-- The data follows --

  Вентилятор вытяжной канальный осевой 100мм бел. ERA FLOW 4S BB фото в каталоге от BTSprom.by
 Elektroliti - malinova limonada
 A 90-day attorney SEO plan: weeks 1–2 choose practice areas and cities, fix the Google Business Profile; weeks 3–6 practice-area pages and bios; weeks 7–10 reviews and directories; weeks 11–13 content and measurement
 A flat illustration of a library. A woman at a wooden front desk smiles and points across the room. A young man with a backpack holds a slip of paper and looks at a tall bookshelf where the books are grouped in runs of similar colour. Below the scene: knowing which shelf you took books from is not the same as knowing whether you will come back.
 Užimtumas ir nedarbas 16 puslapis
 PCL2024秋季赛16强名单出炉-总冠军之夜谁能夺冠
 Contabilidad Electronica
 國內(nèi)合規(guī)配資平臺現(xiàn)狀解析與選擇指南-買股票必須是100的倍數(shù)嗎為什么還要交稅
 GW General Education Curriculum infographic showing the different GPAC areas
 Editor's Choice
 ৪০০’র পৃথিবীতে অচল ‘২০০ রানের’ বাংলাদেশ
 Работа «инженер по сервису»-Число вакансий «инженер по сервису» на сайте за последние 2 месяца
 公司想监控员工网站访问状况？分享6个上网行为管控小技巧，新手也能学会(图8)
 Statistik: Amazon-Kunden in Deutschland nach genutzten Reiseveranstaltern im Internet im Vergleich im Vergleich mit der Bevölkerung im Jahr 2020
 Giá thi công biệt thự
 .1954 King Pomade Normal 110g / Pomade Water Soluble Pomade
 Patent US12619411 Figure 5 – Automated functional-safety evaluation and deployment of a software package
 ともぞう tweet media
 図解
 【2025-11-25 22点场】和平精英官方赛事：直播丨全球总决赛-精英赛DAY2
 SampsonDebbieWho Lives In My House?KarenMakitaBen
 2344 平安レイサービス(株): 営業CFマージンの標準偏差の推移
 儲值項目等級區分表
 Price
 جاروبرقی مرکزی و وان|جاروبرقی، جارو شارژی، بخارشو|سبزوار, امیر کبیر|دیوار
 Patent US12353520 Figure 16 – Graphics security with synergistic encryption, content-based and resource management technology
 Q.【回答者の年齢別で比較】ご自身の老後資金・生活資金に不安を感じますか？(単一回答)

-- The data concluded --

■ Work required
Return every line from the entries above that includes the word "content".

■ Solution to the exercise
 A 90-day attorney SEO plan: weeks 1–2 choose practice areas and cities, fix the Google Business Profile; weeks 3–6 practice-area pages and bios; weeks 7–10 reviews and directories; weeks 11–13 content and measurement
 Patent US12353520 Figure 16 – Graphics security with synergistic encryption, content-based and resource management technology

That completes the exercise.